While I appreciate all of the above truths, there is one truth that recently has been especially precious to me. In my life context, I find myself knowing neither what God's will is nor what my own desire is. At times evidence and yearning stack up on one side; later everything will seem to support the opposite. Just to introduce some of the factors, I don't know if I should continue doing what I am doing, seek to get back into teaching, or do something completely different. Neither do I know if I can best serve God as a single lady or whether my service would be enhanced with the blessing of marriage.

At times it seems that marriage to the right person would give me a platform for ministry, and at other times it seems that being single allows me time to devote to ministry. Sometimes I desire to teach again and be part of something that really matters, and at other times I wonder if I have the energy to teach again.

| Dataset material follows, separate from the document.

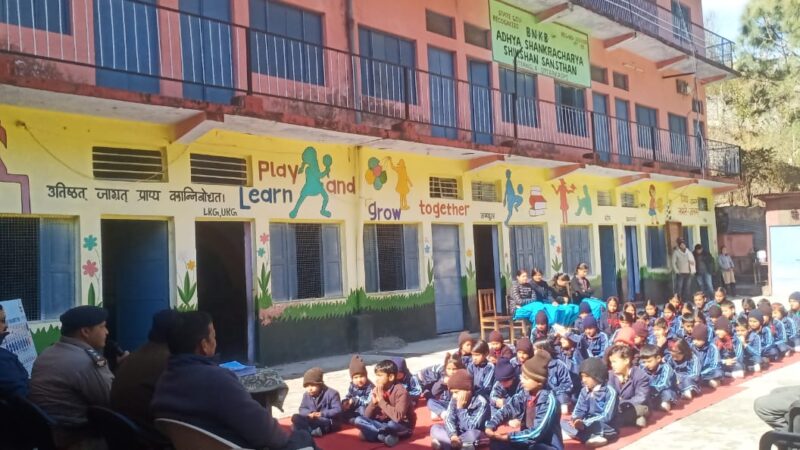 उत्तरकाशी : यातायात पुलिस ने 34वां सड़क सुरक्षा सप्ताह के तहत छात्र छात्राओं को पढ़ाया सड़क सुरक्षा जीवन रक्षा का पाठ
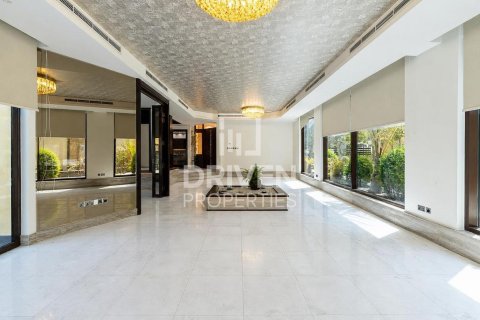 5 bedrooms Villa in Jumeirah Park, UAE No. 211575 12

Perhaps God wants me to return to vocational Christian ministry, but then again maybe He wants me in a secular job that allows me time and resources to invest in other types of outreach. Maybe being married would provide some areas of support that would make me more effective in ministering to others, but maybe it would limit my compassion and effectiveness by making me less dependent on God. Maybe all of these things are relatively inconsequential, and I should be praying only for God to develop His character in me.

So often I find my heart strongly directed toward one or another of these scenarios, and I want to plead with God to do the particular thing that seems like it must be the right answer. Then with a little time, one of the other options seems to be the overwhelmingly correct one. The best I know to do is to keep my heart tender to God, to keep doing what He has shown me to do, to explore possibilities that He brings across my path, and to rely on this final encouraging truth. "In the same way the Spirit also helps our weakness; for we do not know how to pray as we should, but the Spirit Himself intercedes for us with groanings too deep for words; and He who searches the hearts knows what the mind of the Spirit is, because He intercedes for the saints according to the will of God" (Romans 8:26-27).

The Holy Spirit is my intercessor; He meets with God on my behalf. He knows what God's will is, and He prays for me as I ought to be prayed for in each situation. I can want to do God's will with all my heart. I can fervently pray for what I believe to be God's will. I can humbly submit to God's overriding of my desires. Having done all of those things, I still might not know what God wants. Part of my weakness is that even my prayers are weak. I don't know how to pray, but the Spirit prays the best things for me even when my most sincere efforts fall short.